» **INFORMATION SUPPLIED**
————

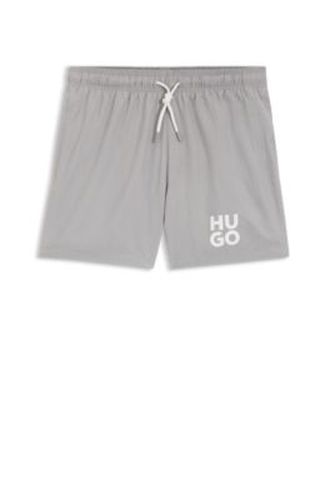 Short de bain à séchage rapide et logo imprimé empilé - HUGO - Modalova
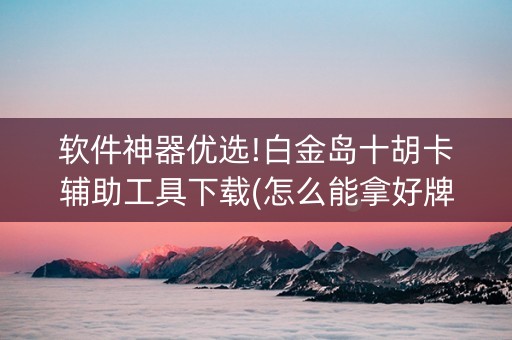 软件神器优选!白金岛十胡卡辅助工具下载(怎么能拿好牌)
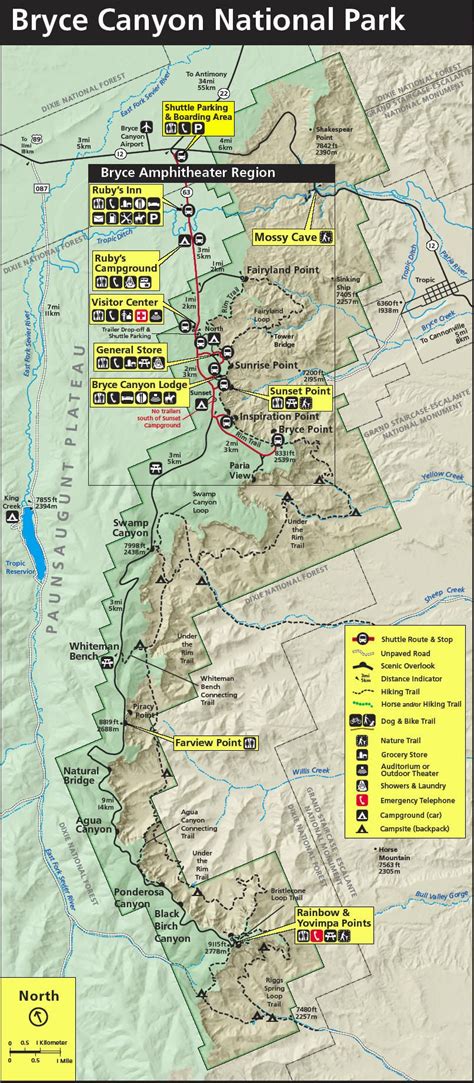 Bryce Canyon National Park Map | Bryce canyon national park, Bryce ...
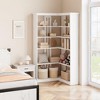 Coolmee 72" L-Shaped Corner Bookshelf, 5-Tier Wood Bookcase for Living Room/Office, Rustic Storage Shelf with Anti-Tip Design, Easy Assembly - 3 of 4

————

» **REQUIRED WORK**
After locating the line with "Map | Bryce canyon national park, Bryce ..." in the listing above, transcribe it and every line after it to the last, exactly, with no pictures.

» **EXERCISE RESULT**
 Bryce Canyon National Park Map | Bryce canyon national park, Bryce ...
 Coolmee 72" L-Shaped Corner Bookshelf, 5-Tier Wood Bookcase for Living Room/Office, Rustic Storage Shelf with Anti-Tip Design, Easy Assembly - 3 of 4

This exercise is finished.